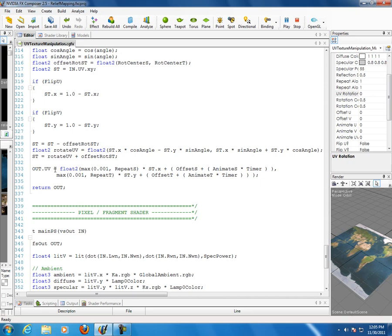Then: out.UV = float2(max(0.001, repeatS) * ST.x + (offsetS + (animateS * timer)), max(0.001, repeatT) * ST.y + (offsetT + (animateT * timer))). The max ensures the texture must exist on the surface — smallest we can go is 0.001; you can't go to 0 or the texture stops existing. We multiply times ST.x for the S term, add offsetS, and add animateS times timer for animation.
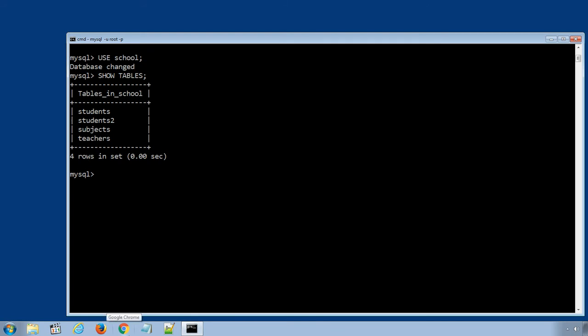Let's create a new table called students3 with only two columns, student id and first name. The SQL statement will be create table, the new table name students3, bracket on new line.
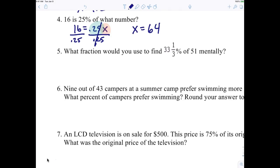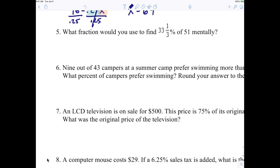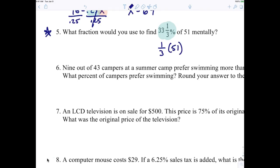Put a star by number five — we're going to work on our mental math here. What fraction is 33 and one-third percent? Three-ninths, which reduces to one-third. I want you to automatically know it's one-third. So one-third times 51 — that's what they're asking. One-third times 51 is 17.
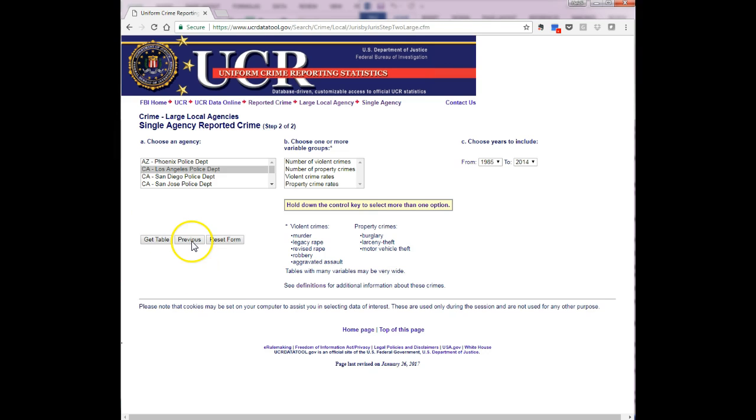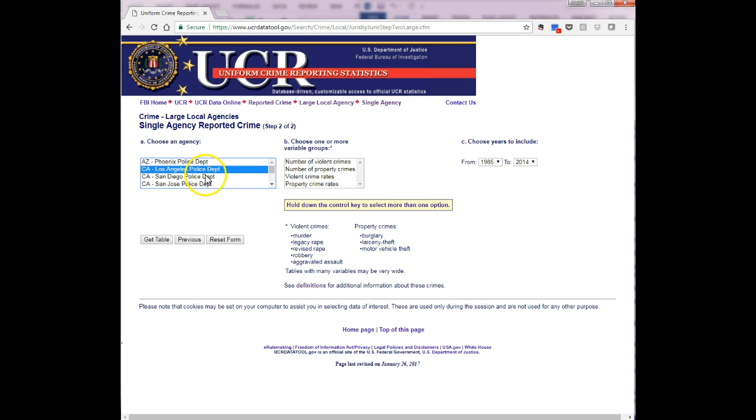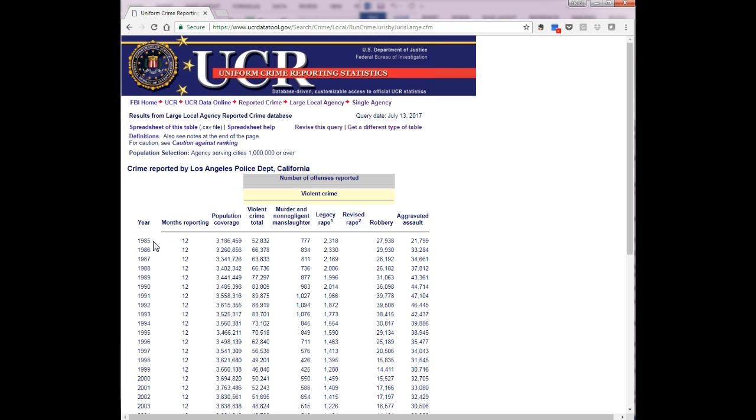This will show you all cities with a population of a million and more. For this assignment you are asked to select California Los Angeles Police Department from the selection window and number of violent crimes from the second. Then click the get table button.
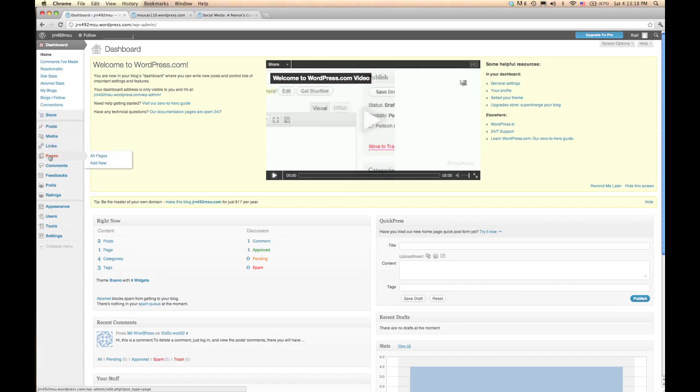A page is really a static thing. For example, the About page, or maybe you'd want to add a Contact page. And that starts turning your WordPress blog into more of a website where there's a lot going on and you can click on these different menu items and the like.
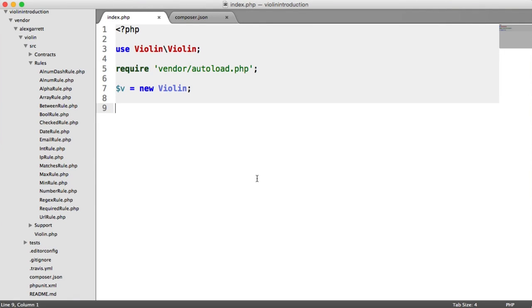So now we're going to look at using Violin in a kind of real world situation. The code for this isn't going to be great. We're not going to be separating views from controllers and anything like that using a nice templating language. But we can roughly look at how this is going to work.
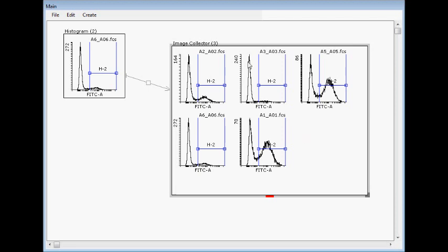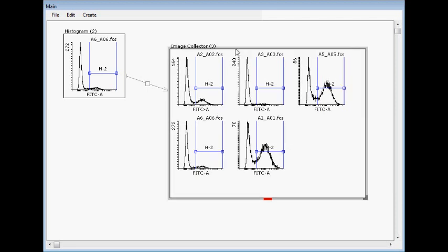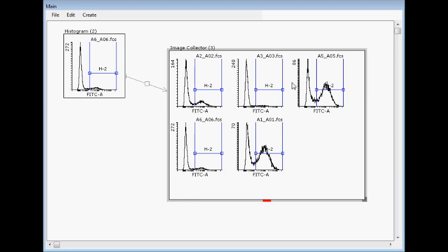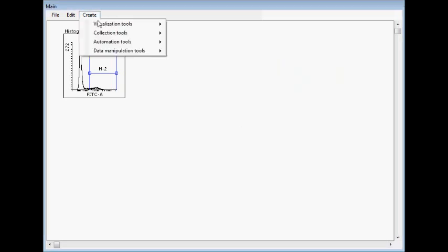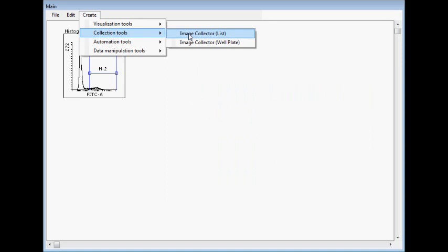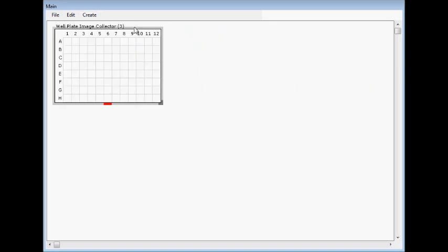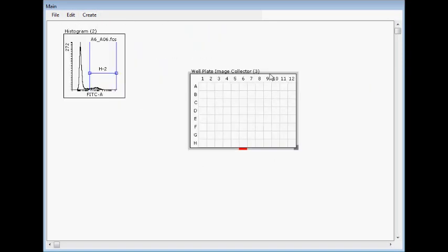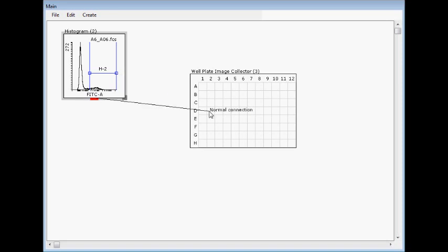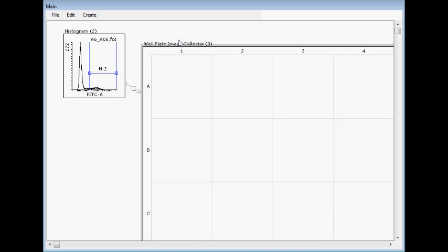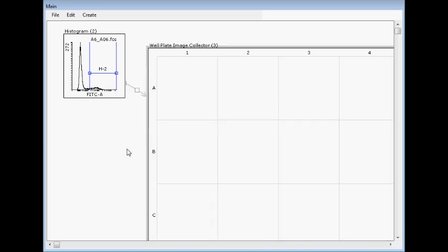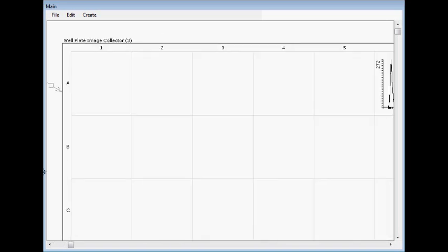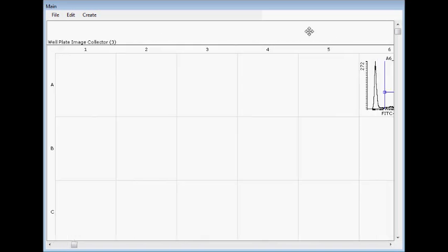If we need the well plate, then let's delete this image collector and create well plate image collector. Now we have well plate format and when connecting this, then it goes automatically into the correct place.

——————————

Task directions — Would you output, word for word, only the lines running from the line with "A page is really" to the end of the listing above, both ends included, with no pictures?

Answer to the exercise —
A page is really a static thing. For example, the About page, or maybe you'd want to add a Contact page. And that starts turning your WordPress blog into more of a website where there's a lot going on and you can click on these different menu items and the like.
So now we're going to look at using Violin in a kind of real world situation. The code for this isn't going to be great. We're not going to be separating views from controllers and anything like that using a nice templating language. But we can roughly look at how this is going to work.
If we need the well plate, then let's delete this image collector and create well plate image collector. Now we have well plate format and when connecting this, then it goes automatically into the correct place.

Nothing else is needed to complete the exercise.